» **What this task involves**: Dropping every picture, set down exactly the lines in the entries below, starting with the line with "Reversible Bronze Dog and Butterfly Pendant" and going on through the line with "Skull-Shaped Talavera-Style Ceramic".

» **Information**:
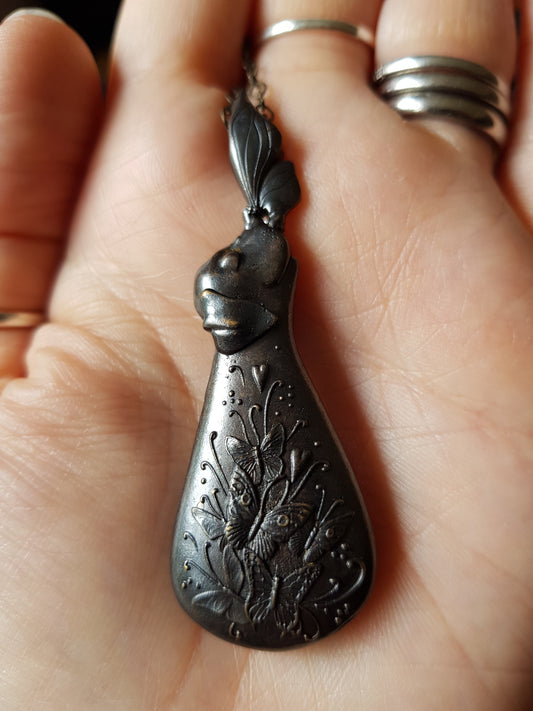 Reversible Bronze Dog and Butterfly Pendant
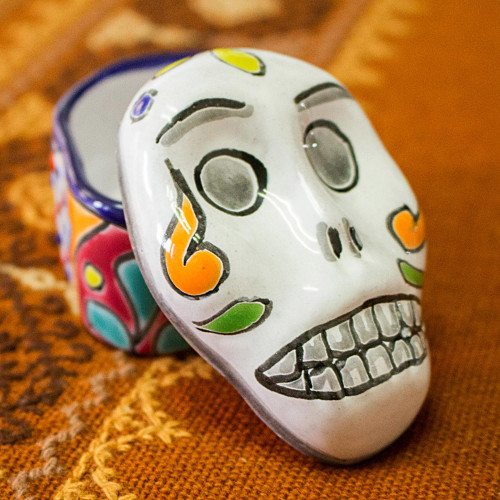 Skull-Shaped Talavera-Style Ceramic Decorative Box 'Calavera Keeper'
--
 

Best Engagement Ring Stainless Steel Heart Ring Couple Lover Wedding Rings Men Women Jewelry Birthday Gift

» **Problem solution**:
 Reversible Bronze Dog and Butterfly Pendant
 Skull-Shaped Talavera-Style Ceramic Decorative Box 'Calavera Keeper'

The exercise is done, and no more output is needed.